### Extracted information:
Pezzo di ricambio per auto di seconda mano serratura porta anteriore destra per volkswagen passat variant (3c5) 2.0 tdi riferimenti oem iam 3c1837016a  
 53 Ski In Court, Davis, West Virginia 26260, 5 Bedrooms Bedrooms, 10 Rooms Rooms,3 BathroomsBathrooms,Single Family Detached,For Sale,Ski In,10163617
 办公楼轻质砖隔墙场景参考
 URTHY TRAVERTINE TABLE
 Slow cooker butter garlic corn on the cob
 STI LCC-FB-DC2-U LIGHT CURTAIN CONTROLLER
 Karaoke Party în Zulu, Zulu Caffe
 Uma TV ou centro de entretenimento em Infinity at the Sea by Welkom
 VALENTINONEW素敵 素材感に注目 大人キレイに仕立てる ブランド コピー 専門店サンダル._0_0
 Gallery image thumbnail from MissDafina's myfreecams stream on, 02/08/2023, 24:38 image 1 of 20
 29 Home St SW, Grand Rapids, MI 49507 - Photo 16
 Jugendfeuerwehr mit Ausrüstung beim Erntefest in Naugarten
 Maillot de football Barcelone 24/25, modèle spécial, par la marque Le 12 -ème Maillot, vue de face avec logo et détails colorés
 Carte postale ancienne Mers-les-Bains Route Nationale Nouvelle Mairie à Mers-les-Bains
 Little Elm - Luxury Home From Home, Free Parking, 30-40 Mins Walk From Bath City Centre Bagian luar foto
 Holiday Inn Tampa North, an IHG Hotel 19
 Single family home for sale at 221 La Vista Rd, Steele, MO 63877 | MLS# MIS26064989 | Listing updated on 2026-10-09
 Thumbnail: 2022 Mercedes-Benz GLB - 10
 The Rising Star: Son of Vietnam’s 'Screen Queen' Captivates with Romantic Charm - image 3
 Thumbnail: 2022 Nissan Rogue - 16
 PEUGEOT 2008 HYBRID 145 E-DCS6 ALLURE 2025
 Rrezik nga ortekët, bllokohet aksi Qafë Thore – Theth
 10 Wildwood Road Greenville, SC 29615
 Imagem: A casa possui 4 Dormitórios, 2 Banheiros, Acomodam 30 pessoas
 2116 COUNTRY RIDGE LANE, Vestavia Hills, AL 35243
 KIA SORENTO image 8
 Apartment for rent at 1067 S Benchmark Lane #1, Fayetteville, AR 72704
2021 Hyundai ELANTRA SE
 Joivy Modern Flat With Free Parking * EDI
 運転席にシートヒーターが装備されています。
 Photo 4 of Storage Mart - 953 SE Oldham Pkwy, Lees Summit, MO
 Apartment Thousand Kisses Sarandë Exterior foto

### Try it:
All that is wanted is the lines from the one containing "2116 COUNTRY RIDGE" through the last line of the records, restated word for word.

### Response:
 2116 COUNTRY RIDGE LANE, Vestavia Hills, AL 35243
 KIA SORENTO image 8
 Apartment for rent at 1067 S Benchmark Lane #1, Fayetteville, AR 72704
2021 Hyundai ELANTRA SE
 Joivy Modern Flat With Free Parking * EDI
 運転席にシートヒーターが装備されています。
 Photo 4 of Storage Mart - 953 SE Oldham Pkwy, Lees Summit, MO
 Apartment Thousand Kisses Sarandë Exterior foto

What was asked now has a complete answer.